To demonstrate these new developments, we computed belief estimates for the neurofibromatosis model in four different configurations: with the default belief model vs. a new, partly machine-learned “hybrid” model, and with EMMAA-only evidences vs. evidences from both EMMAA and the INDRA DB. As shown in the figure below, the inclusion of additional evidence from the INDRA DB shifts belief estimates to the right due to the addition of extra evidence, while the hybrid model provides a more continuous stratification of belief than the default belief model. In the upcoming period we will evaluate the use of this approach in other models and determine whether the new belief estimates are well-calibrated.


Belief scores of statements in the EMMAA model, using the default belief model (left plots) or random-forest-based hybrid model (right plots); and using only EMMAA evidence (top plots) or including evidences from the INDRA DB (bottom plots).

Developments in relation extraction from text

We have previously reported on completing our goals to enable named entity recognition and grounding in the Reach reading system for (1) viral proteins (2) human and non-human (including viral) protein chains and fragments, and have developed new algorithms in INDRA for organism disambiguation for proteins in the context of a given publication.
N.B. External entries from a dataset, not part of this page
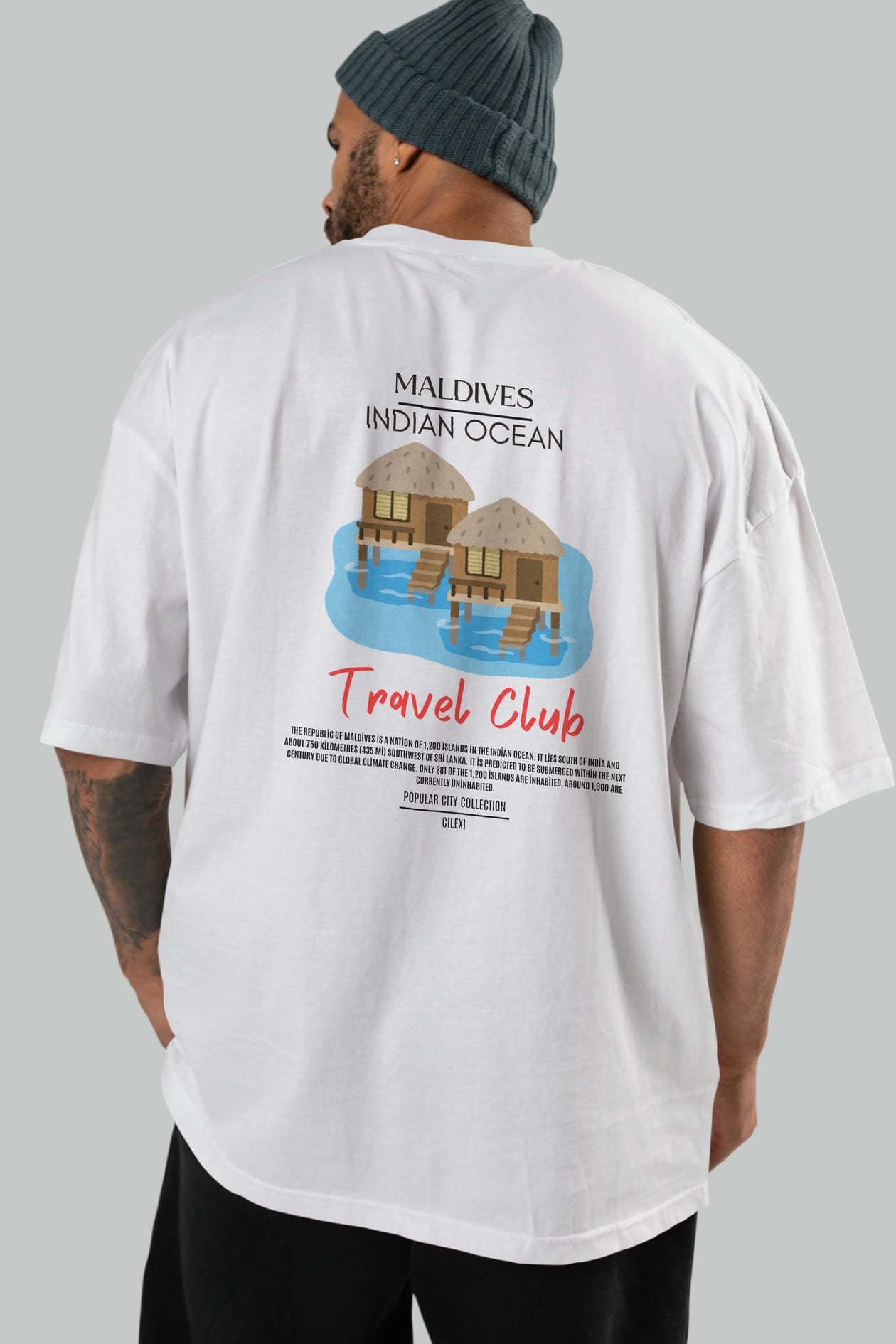 Maldives İndian Ocean Arka Baskılı Oversize t-shirt Erkek Kadın Pamuk Bisiklet Yaka tişort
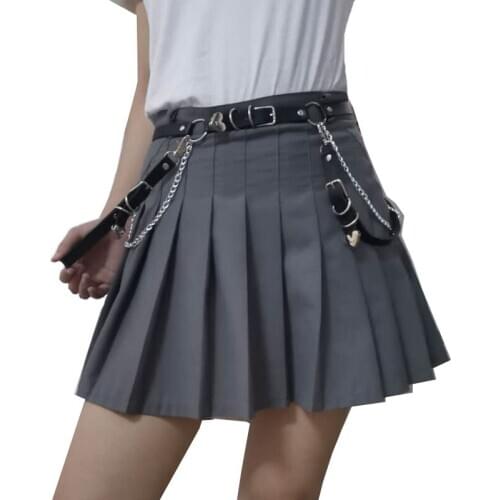 Punk Chain Belt 105CM Adjustable Black Leather Buckle Belt Metal Chain Waist Strap Street Decorative Waistband belts For Skirts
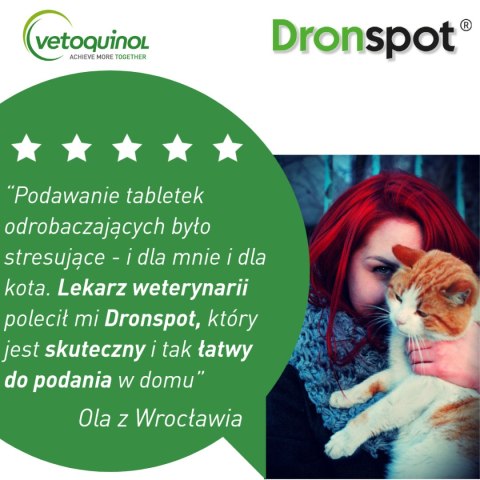 VETOQUINOL Dronspot krople odrobaczające spot-on dla dużych kotów 5-8 kg (2 x 1,12 ml) Bayer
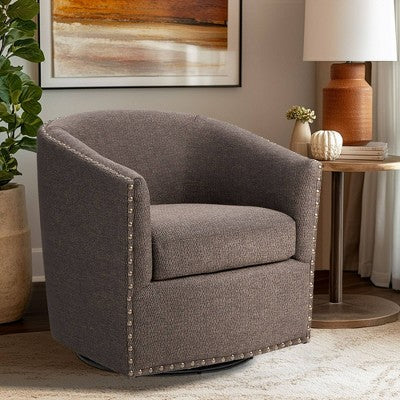Madison Park Sheldon Swivel Chair Chocolate : Upholstered Accent, No Assembly, 300lb Capacity (LOCAL PICKUP ONLY)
This month, we continued our work on creating a training data set for recognizing causal precedence in text. The goal is to find a set of positive and negative examples where a paper describes an A-B interaction and also a B-C interaction, and an A->B->C causal chain is implied (in the positive case) or not implied (in the negative case). This labeled data can then be used to train a classifier that can be run on elementary relation extractions to reconstruct causal precedence relations. We have previously reported on our approach to automatically finding positive examples. Since then, we have worked on an alternative approach to finding negative examples. First, we searched for papers in which both the A-B and the B-C relationship could be found within a specified distance of each other. To improve the quality/reliability of each example, we also implemented a filter to retain only A-B, B-C pairs where each is supported by additional background evidence beyond the given paper (this helps eliminate text mining errors). We then reviewed the results to curate positive vs negative examples. We found that the vast majority of examples remaining were positive for causal precedence. This imples that proximity in text may often be sufficient to infer causal precedence across A-B, B-C relations. We are investigating this further while continuing to develop an improved method for finding negative examples.